If there is a hardwired entry then this hardwired entry belongs to the
controlblock (status, error or whatever), but certainly not to a
dynamically allocatable queue as that would defeat the whole purpose.

That hardwired entry could surely exist in a IDXD type setup where the
message storage is in an defined array on the device.

But with the use case you described where you store the message at some
place in per queue system memory, the MSI index is not relevant at all,
because there is no table. So it's completely meaningless for the device
and just useful for finding the related MSI descriptor again.

If the queue or the controlblock have an internal small array of
messages in their queue or controlblock specific memory, then how would
a per device global index help?

Or has each queue and controlblock and whatever access to a shared large
array where the messages are stored and the indices are handed out to
the queues and controlblocks?

If each of them have their own small array, then queue relative indexing
makes a ton of sense, no?

> For the devices I know about there are two approaches for allocating
> interrupts. 

I'm aware of that.

> When I imagine mlx5 using IMS, I see IMS as a simple extension of the
> existing MSI-X vector pool. Every IMS vector is interchangable and the
> main PCI driver will apply exactly the same allocation algorithm we
> already have today for MSI, just with even more vectors. When VFIO
> wants a vector it may get a MSI or it may get an IMS, I don't want to
> care.
>
> All of this about logical functions just confuses
> responsibilities. The IRQ layer should be worrying about configuring
> IRQs and not dictating how the device will design its IRQ assignment
> policy or subdevice scheme.

The IRQ layer _has_ to worry about it because there is a strict
relationship between device and irqdomain today.

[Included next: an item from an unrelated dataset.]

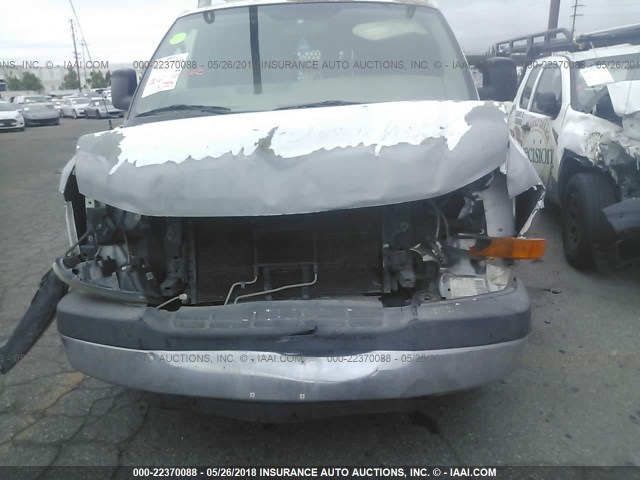 1GCGG25V761136817 - 2006 CHEVROLET EXPRESS G2500  WHITE photo 6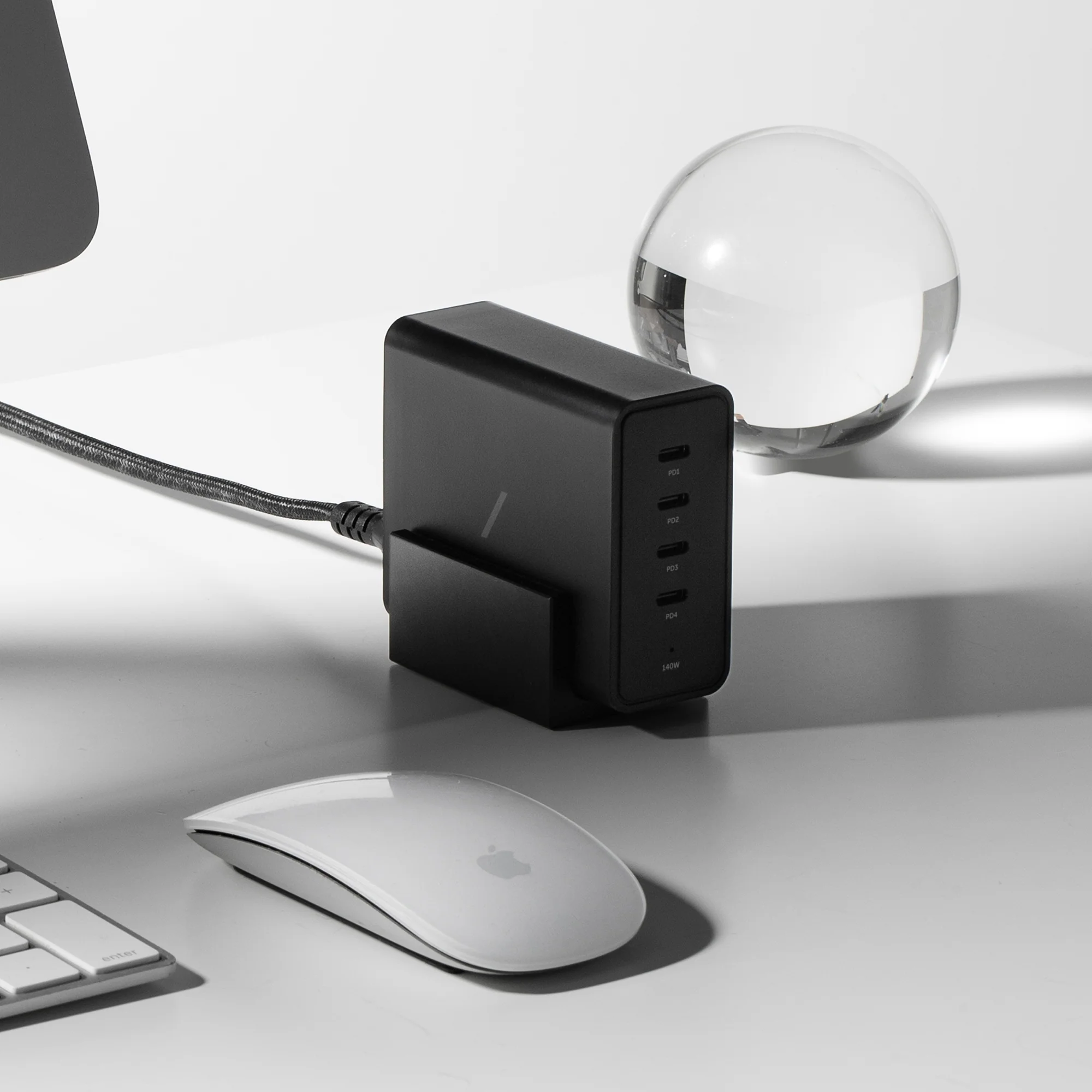 Fast Desktop Charger PD 140W - Image 10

Now with a PCIe device having PCI/MSI[X] it's a strict 1:1
relationship. Now add IMS to the picture and we end up with a 1:2
relationship, which does not work today.

That's why my initial reaction was to partition the device into
subdevices which would have solved the problem nicely.

> IMHO this has become hyper focused on the special IDXD VFIO use case -
> step back and think about my timer example above - a simple pci_driver
> that just wants to use IMS for itself. No queues, no VFIO, no
> mess. Just how does it configure and use the interrupt source.

That would mean that the PCI device would not use MSI-X at all, right?
So it could have pci_dev.dev.irqdomain = IMSdomain.

But that sucks too because it's yet another quirk as the PCIe discovery
cannot set that up simply because the device specific IMS domain does
not exist yet.

> Is it helpful feedback?

Yes, definitely. It helps me to understand the bigger picture and to
find a proper representation of these things so that we don't end up
with the usual mess in drivers/* which makes it a fricking nightmare to
change anything at the core code at all.

Thanks,

        tglx